May 28, 2024
State Sen. John Laird's legislation would enable powerful commissioners to make deals without transparency.

In 1958, the Los Angeles Times sued the California Board of Education for holding secret meetings. The Times won that case, and a new law reformed the process for public meetings and decision-making in all state boards and commissions.

The 1967 Bagley-Keene Open Meetings Act states, “It is the public policy of the state that public agencies exist to aid in the conduct of the people’s business and the proceedings of public agencies be conducted openly so that the public may remain informed.” The act requires that these bodies publicly notice their meetings, release agendas, allow the public to attend and accept testimony.

Now state Sen. John Laird, D-Monterey, seeks to restrict the public’s ability to attend these meetings in person.

His bill, SB 544, would change the Bagley-Keene Act to allow these government bodies to hold half their meetings remotely. There would be a staff member in a room where the public can attend and listen to a speakerphone — no video. No way to see if members are even still listening or simply on mute going about their day.

In California, state boards and commissions exercise tremendous power. Some subject to the law include the California Public Utilities Commission, the Coastal Commission, the California Air Resources Board, CalOSHA and the Commission on Peace Officers Standards and Training.

Members of the public have the right to attend the meetings of these powerful regulators, to know in advance what’s on the agenda, and to speak directly to the commission members.

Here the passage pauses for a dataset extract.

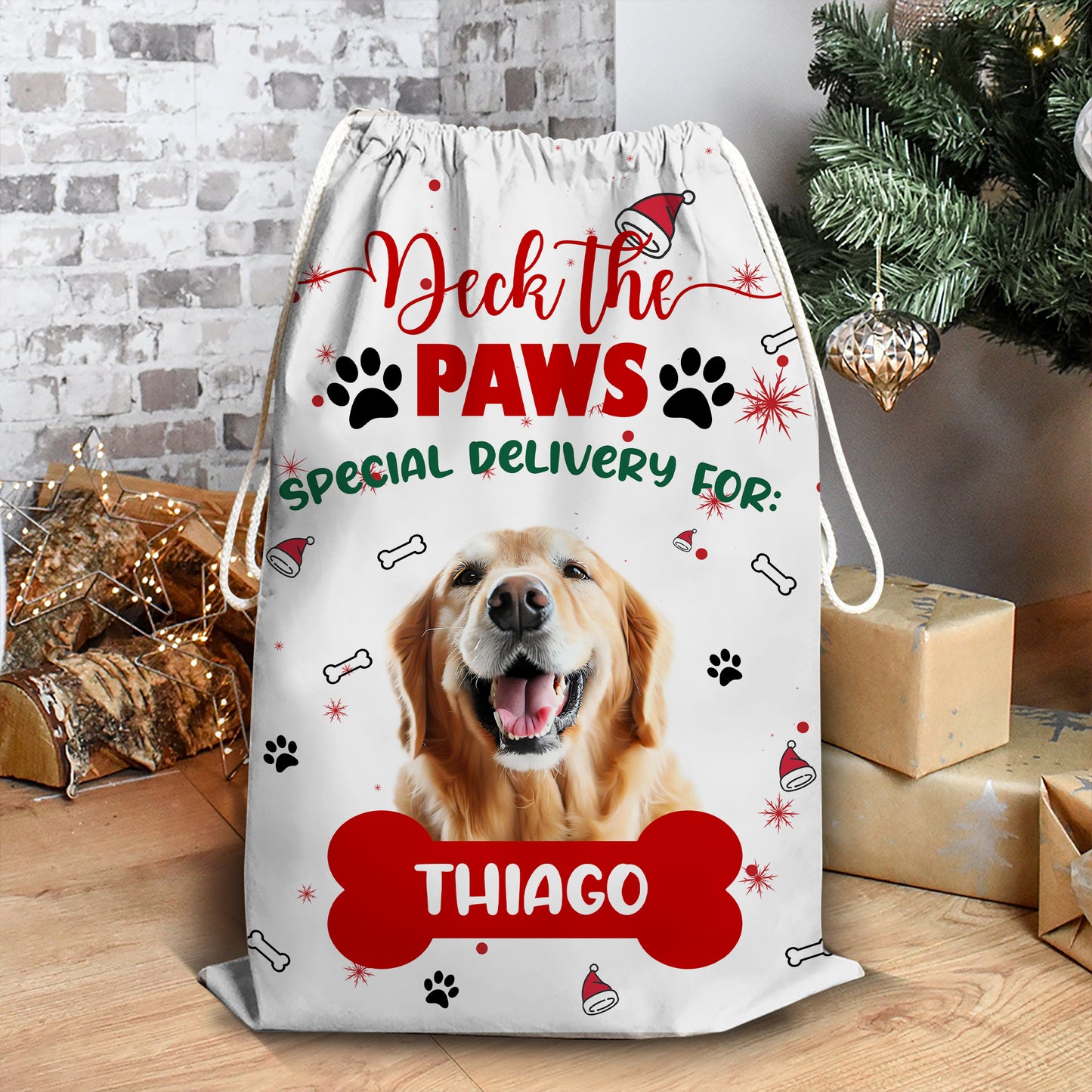 Deck The Paws Weihnachtssack „Lieber Weihnachtsmann, gute Hunde“ – personalisierter Weihnachtssack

In-person meetings allow reporters to interview members of the public who have brought their concerns before these bodies and ask questions of powerful regulators.

In-person meetings are indispensable for the public to have their voices heard and for news gathering. When the CPUC discusses how to implement new income-based fixed charges for electricity, or when the Air Resources Board puts forward new regulations for rideshare companies, or when POST begins decertifying law enforcement officers, the public has the right and the need to know what’s happening.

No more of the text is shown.